Vincent lui, ne comprenait plus vraiment ce qu'il se passait.

- La ferme !
cria son père.

- Ce n'est même pas ton fils !

- Ferme ta gueule !

- Il est adopté !

...

Une chaise qui grince.
Une porte qui se claque.
Et un lycéen qui pleure le 24 décembre, sur le palier d'une maison lumineuse.

À travers la porte il entendait son père criant contre son oncle.

La porte s'ouvrit, et sa grand-mère, enveloppée dans son châle, vint l'étreindre.

- Tu vas passer la nuit chez nous ce soir.

Vincent hocha la tête, et quand son grand-père sortit de la maison, ils se prirent tous les trois dans les bras, et montèrent dans la voiture des deux doyens, en route pour leur maison. Avec eux Vincent avait l'impression de reprendre une bouffée d'oxygène.

🌨

Chez les Paix, on mangeait sur le canapé devant Friends. L'esprit était bon enfant, et Rémi était aux anges de retrouver sa petite sœur.

Florie aspirant à devenir comédienne, avait choisit de quitter le domicile familial pour faire ses études depuis la 6eme dans un internat à Paris, où les écoles de théâtre étaient plus répandues qu'à Nîmes.

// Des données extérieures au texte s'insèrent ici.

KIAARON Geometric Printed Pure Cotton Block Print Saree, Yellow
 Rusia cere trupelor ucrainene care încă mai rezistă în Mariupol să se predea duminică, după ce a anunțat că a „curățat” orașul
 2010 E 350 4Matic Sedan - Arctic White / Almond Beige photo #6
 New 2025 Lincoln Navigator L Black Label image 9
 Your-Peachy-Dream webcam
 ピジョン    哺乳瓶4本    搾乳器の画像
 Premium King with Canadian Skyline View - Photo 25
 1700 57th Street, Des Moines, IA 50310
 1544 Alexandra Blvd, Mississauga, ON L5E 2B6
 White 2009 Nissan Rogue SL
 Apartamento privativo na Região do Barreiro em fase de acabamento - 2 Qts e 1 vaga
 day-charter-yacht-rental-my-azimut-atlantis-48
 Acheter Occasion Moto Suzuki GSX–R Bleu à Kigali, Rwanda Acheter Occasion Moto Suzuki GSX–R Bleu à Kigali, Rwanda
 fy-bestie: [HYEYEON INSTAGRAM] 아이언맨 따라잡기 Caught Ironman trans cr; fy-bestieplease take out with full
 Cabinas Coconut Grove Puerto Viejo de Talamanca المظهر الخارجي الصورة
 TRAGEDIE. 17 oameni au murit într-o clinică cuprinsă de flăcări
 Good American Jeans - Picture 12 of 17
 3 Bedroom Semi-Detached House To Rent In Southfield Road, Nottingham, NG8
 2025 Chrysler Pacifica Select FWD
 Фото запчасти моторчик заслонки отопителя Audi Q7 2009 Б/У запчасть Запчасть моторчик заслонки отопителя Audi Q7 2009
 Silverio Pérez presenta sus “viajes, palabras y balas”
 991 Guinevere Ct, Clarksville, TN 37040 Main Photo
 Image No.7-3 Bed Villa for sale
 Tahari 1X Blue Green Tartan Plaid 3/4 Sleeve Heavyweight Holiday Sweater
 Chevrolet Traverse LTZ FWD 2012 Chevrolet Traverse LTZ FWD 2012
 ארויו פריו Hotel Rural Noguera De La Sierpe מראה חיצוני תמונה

Toutes les personnes qui la rencontraient étaient toujours stupéfaits de sa grande maturité, malgré son âge et sa mère sur-protectrice.
Avec Rémi, ils prenaient plusieurs fois par semaine, le temps de se téléphoner pour se donner des nouvelles. Le contraste entre le frère et la sœur était plus qu'ahurissant, ils s'entendait à merveille mais rien de leur personnalité ne se ressemblait.
Malgré tout, s'il y avait une chose que Florie ne voulait pas perdre malgré la distance, c'était sa proximité avec Rémi.

En cette soirée de famille, le seul absent était leur père.

- Il est où ?
demanda la jeune brune.

- Dans sa chambre.

- Tu veux que j'aille le chercher ?

- Non je m'en fiche.

Florie baissa la tête.

- Et sinon, tu continues à prendre des polaroids ?

Rémi eut un sourire diabolique, et sortit l'appareil de sous un coussin du canapé, aveuglant sa sœur du flash qui la prenait en photo.

- Je l'ai toujours auprès de moi, et je fais en sorte que personne ne le voit jamais.

À suivre...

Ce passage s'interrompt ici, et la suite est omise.